Autodesk Arnold and 3ds Max are vulnerable to an Out-of-Bounds Write flaw that allows attackers to execute arbitrary code via malicious USD files.

This vulnerability is an Out-of-Bounds Write that occurs during the processing of Universal Scene Description (USD) files. An attacker would likely require a user to open a specially crafted file, making this a client-side attack requiring minimal user interaction.

A successful exploit could lead to the complete compromise of the workstation running the affected Autodesk software. Given the CVSS score of 7.8, the impact is high, potentially resulting in the theft of intellectual property, unauthorized data access, or the introduction of malware into the corporate network.

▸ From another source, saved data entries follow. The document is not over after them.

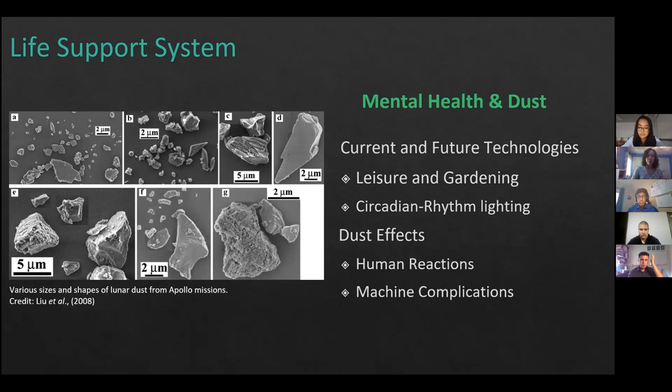Lunar dust can be very sharp due to the nature of weathering on the Moon. These sharp, small particles, if inhaled, can cause inflammation in the respiratory system and have been seen to cause a form of hay fever as an allergic reaction, which can be dangerous to astronauts. Additionally, if dust gets into gears or joints of machines, it can cause complications and malfunctions.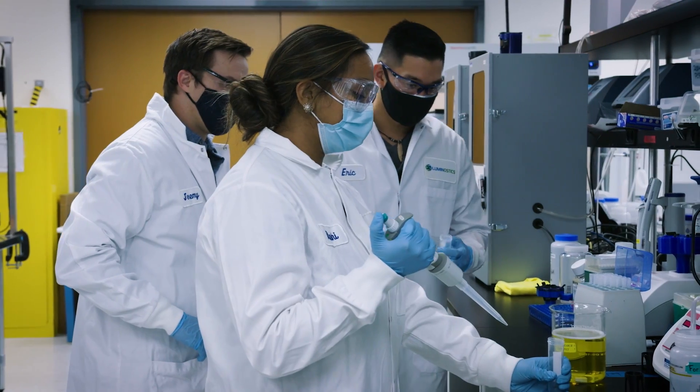We all care about making healthcare more affordable and more accessible, and I think diagnostics are going to play a huge role in that.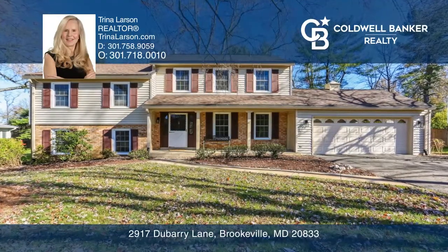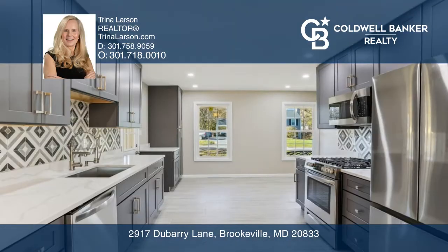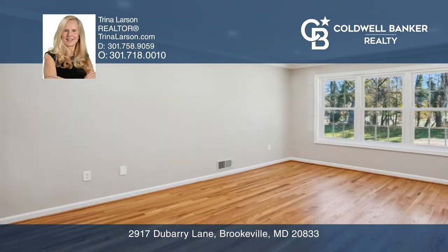Welcome to this fabulous renovation. This home has a large family room and you will love the kitchen, boasting stylish new high-quality cabinets, upgraded appliances, and tons of storage.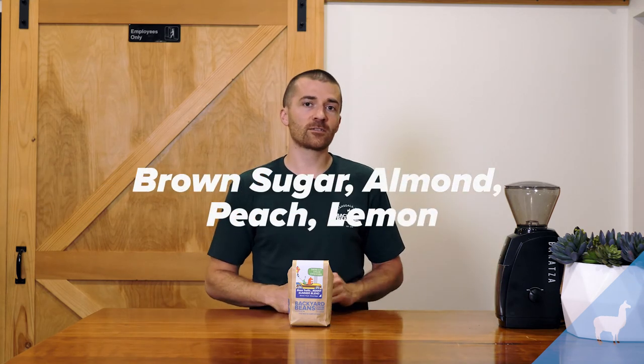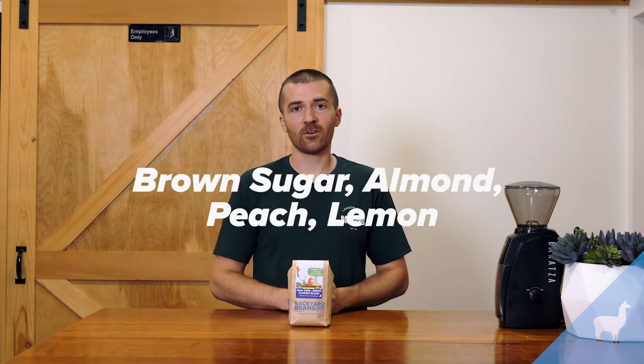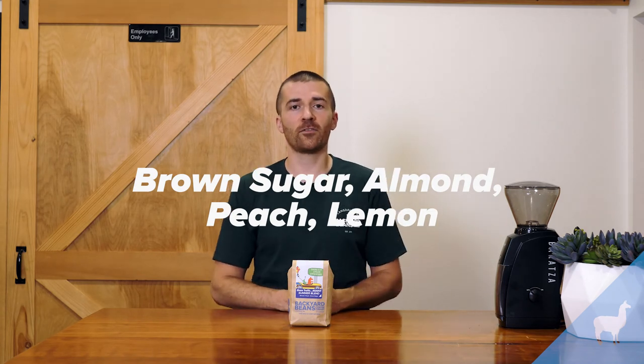All of these blended together and roasted as a medium roast, we get notes of brown sugar and almond as well as some brightness like peach and lemon. This is a coffee for anybody — a coffee enthusiast or somebody who's just dipping their toe into what specialty coffee is all about. Give it a try while it's around.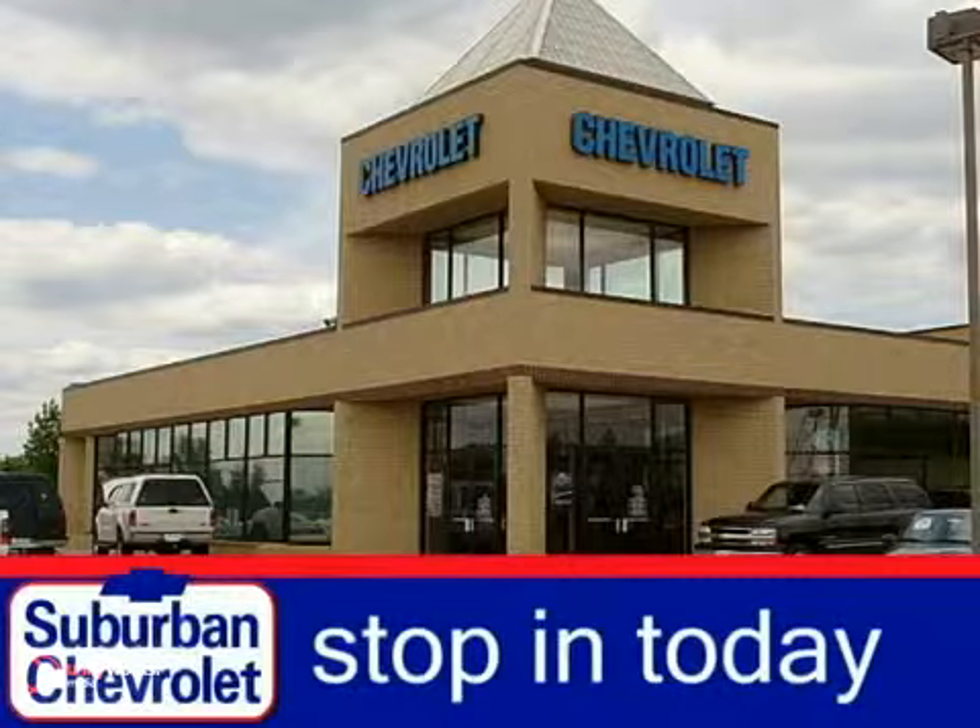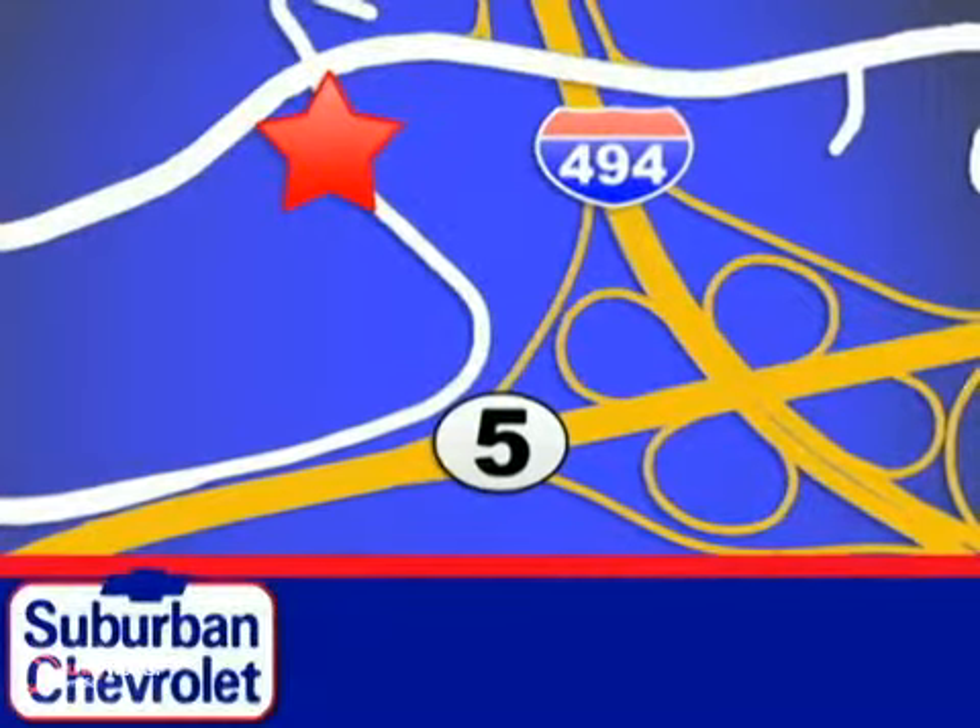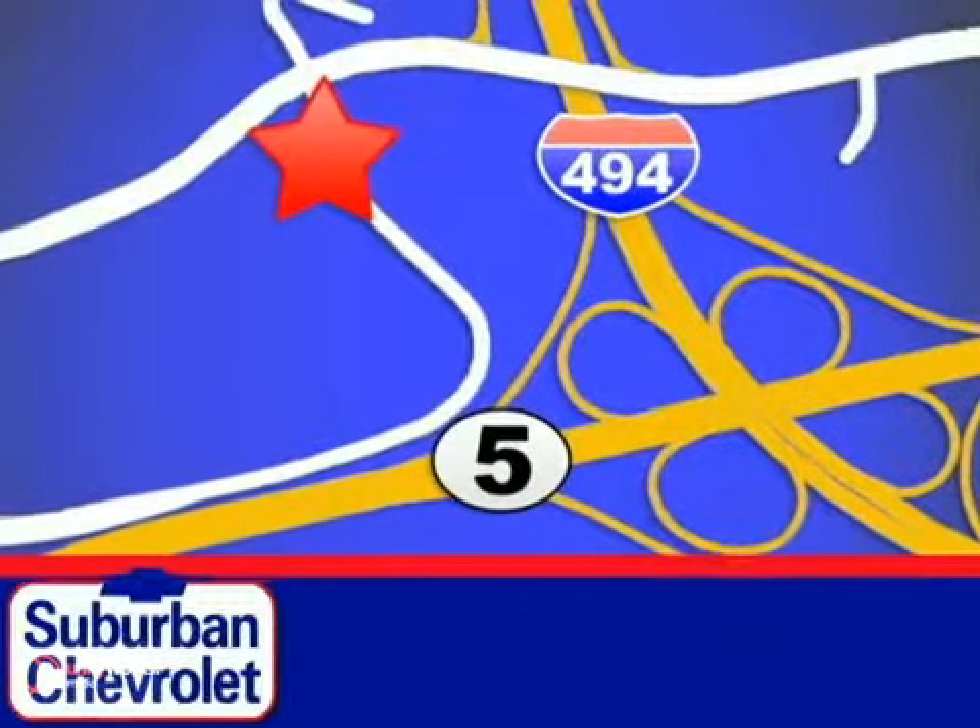Stop in today for a no obligation test drive and shop over 16 acres of inventory. We are conveniently located in Eden Prairie at Highway 494 and Highway 5.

System downtime for recovery and forensic investigation would further increase the total cost of the incident.

Immediate Action: Apply the latest security updates provided by Autodesk for Arnold and 3ds Max immediately to patch the USD file processing logic.

Proactive Monitoring: Monitor endpoint detection and response (EDR) logs for unusual child processes spawning from Autodesk applications, particularly after opening external USD assets.

Compensating Controls: Restrict the ingestion of USD files from untrusted or external sources and implement file sandboxing for previewing third-party assets.

Public Exploit Available: false

The severity of this Out-of-Bounds Write vulnerability necessitates immediate patching of all creative workstations. Organizations should prioritize updating Autodesk Arnold and 3ds Max to the latest versions to mitigate the risk of remote code execution through malicious media assets.